§ **Task**
Could you restate word for word only the lines below from the one holding "May include: White" to the one holding "159 - THREE", inclusive, and leave out the pictures?

§ **The data**
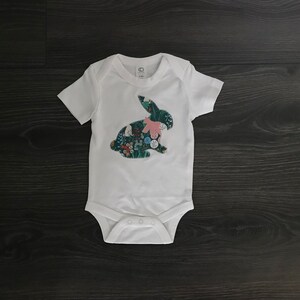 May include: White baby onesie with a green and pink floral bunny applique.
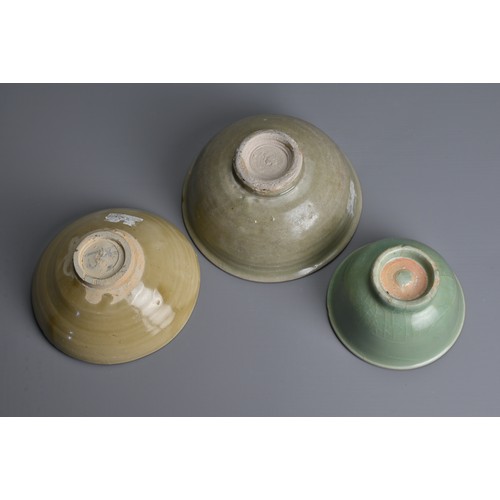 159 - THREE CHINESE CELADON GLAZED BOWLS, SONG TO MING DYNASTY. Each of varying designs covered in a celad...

--

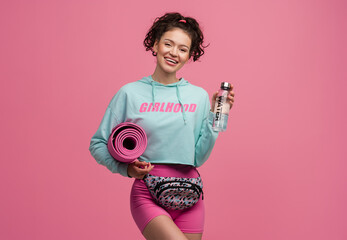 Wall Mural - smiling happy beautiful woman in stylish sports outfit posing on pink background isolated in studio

§ **Your solution**
 May include: White baby onesie with a green and pink floral bunny applique.
 159 - THREE CHINESE CELADON GLAZED BOWLS, SONG TO MING DYNASTY. Each of varying designs covered in a celad...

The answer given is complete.